## Week 5 | Web Scraping using Urllib and Beautiful Soup
### Learning Objectives
At the end of this lesson, you will be able to:

- Understand basic HTML
- Retrieve `html` string of a website
- Parse `html` string using `Beautiful Soup` to create a `Soup` data structure
- Apply basic CSS selectors to find elements of a `Soup` data structure
- Find children of an element using a `Soup` data structure
- Find properties of an element using a `Soup` data structure
- Download a pdf using the link found from a `Soup` data structure

## Sending a HTTP Request and getting a Response
- Use `urllib.request.Request` to specify the URL and headers, which is indicating the user agent as google chrome.
- Use `urllib.request.urlopen(req)` to send a request to the server.
- html contains the website in HTML format. It is a long string representing the various tags.
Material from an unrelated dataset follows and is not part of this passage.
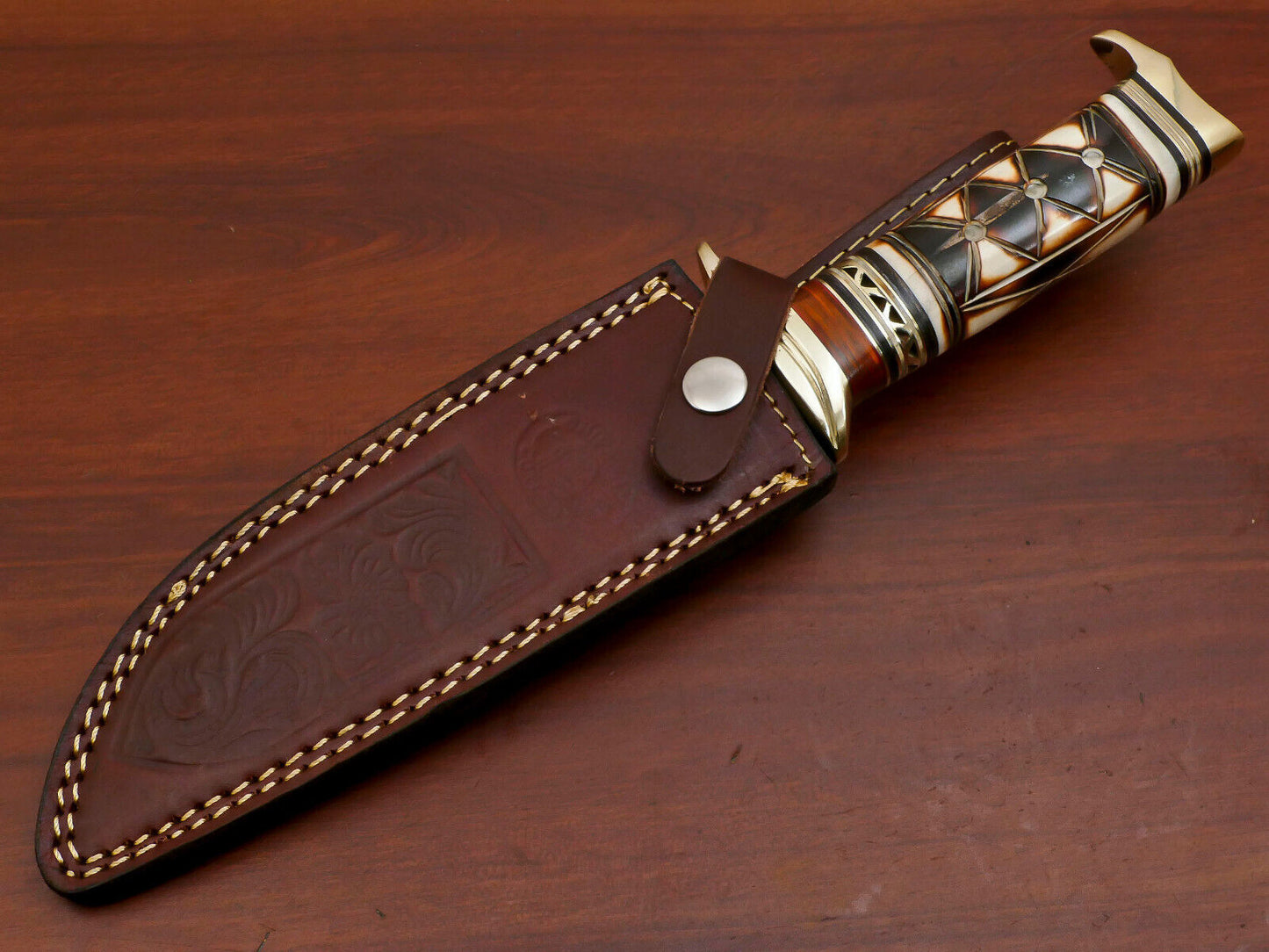 12" Damascus Bowie Knife with Burn Camel Bone & Pakka Wood Handle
Convert it to an object with BeautifulSoup datatype so extraction of tags can be performed.
- Use the prettify() function from BeautifulSoup to see the HTML with indentations.

In [None]:
import requests
from bs4 import BeautifulSoup # HTML data structure
import urllib.request

def getSoup(URL):
  req = urllib.request.Request(URL, headers={'User-Agent':' Chrome'})
  html = urllib.request.urlopen(req).read().decode("utf8")
  soup = BeautifulSoup(html, "html.parser")
  soup.prettify()

  return soup

In [None]:
base = 'https://www.testpapersfree.com/'
soup = getSoup(base)
# soup

## Element Selection using `find()`

- Use `soup.find()` to get the tags you are interested in. Details about `find()` can be found [here](https://www.crummy.com/software/BeautifulSoup/bs4/doc/#find)
- Specify the `id`, `class`, etc in the attrs. 
- `soup.find()` only returns the first element found.

In [None]:
# Finds the first div element that has id as main
main_div = soup.find('div', attrs={'id' : 'main'})

In [None]:
# Finds the first div element that has class as posts.
class_div = soup.find('div', attrs={'class' : 'posts'})

In [None]:
# All attrs must match. In this case, none matches so no result is returned.
no_div = soup.find('div', attrs={'class' : 'posts', 'id' : 'main'})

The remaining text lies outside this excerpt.